In ogni caso, il Regno Unito cammina adesso in una terra sconosciuta. Finora è stato nell’Unione europea tenendo un piede fuori, senza aderire né alla moneta unica né a Schengen, usufruendo dei vantaggi ed evitando qualche svantaggio. Il futuro è una grande incognita. Emmanuel Macron aveva previsto che alla fine Londra sarebbe rimasta nell’Ue; ma il mandato che la maggioranza relativa degli elettori ha assegnato a Johnson con le elezioni del 12 dicembre scorso è chiaro. Molto dipenderà da quale accordo il premier negozierà con Bruxelles (e con Berlino), sempre che riesca a farlo. Londra diventerà un grande paradiso fiscale? O rimarrà in qualche modo agganciata all’area di libero scambio e di regole comuni – per quanto insufficienti – definita dall’egemonia tedesca? Johnson riuscirà a tenere unito il proprio Paese? O vedremo la riunificazione dell’Irlanda e la secessione della Scozia?
Forse, più che chiederci cosa accadrà ai britannici, dovremmo chiederci cosa attende coloro che restano. L’asse centrista che governa Germania e Francia, e quindi l’Unione, ha energia per costruire gli Stati Uniti d’Europa, con un presidente eletto dal popolo? O si continuerà a vivacchiare con una burocrazia sempre più invisa agli elettori? Questa è la vera grande domanda. Per avere una risposta dovremo attendere di capire quale sarà la successione ad Angela Merkel. La Cancelliera non se la passa bene, la sua erede designata Annegret Kramp-Karrenbauer si è dimessa, la sua diga contro l’estrema destra vacilla.
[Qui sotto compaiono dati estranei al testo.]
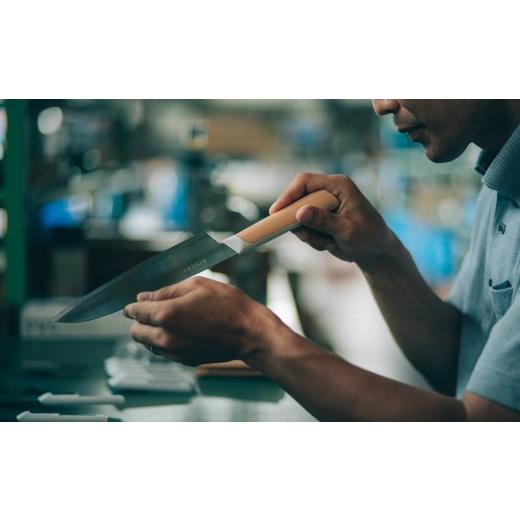 ふるさと納税 岐阜県 関市 ＜日本初の超硬合金包丁＞ KISEKI：三徳［ブナ］〜TBS「ララLIFE」で紹介されました（R5.5）〜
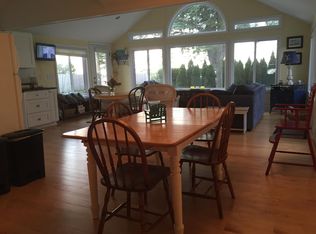 51 Center Rd, Vermilion, OH 44089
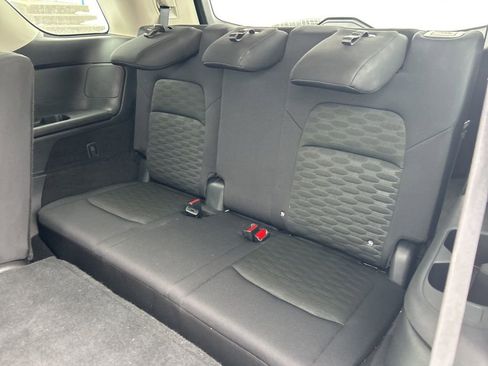 Used 2024 Nissan Pathfinder SV image 10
Eppure dietro la scelta della Brexit c’è proprio l’insofferenza dell’inglese medio verso la Germania, percepita come la padrona d’Europa. Perché, si chiede l’elettore di Johnson, obbedire a un Paese sconfitto per due volte in due sanguinose guerre mondiali? Anche da questa domanda nasce la secessione dall’Europa. Senza nasconderci che il problema dell’immigrazione è molto sentito. È vero che nel Regno Unito la disoccupazione è molto bassa, attorno al 4 per cento di coloro che cercano lavoro. Ma tanti giovani il lavoro non lo cercano neppure. Gli imprenditori preferiscono assumere stranieri disposti a lavorare di più per meno salario. E infatti gli imprenditori non sono affatto entusiasti delle proposte di Johnson. Che non dispiacciono agli inglesi poveri del Nord del Paese e dei suburbi di Londra, percepita come una città sempre meno britannica e sempre più (troppo per qualcuno) multiculturale. La vera capitale del mondo globale. Ma per quanto tempo ancora?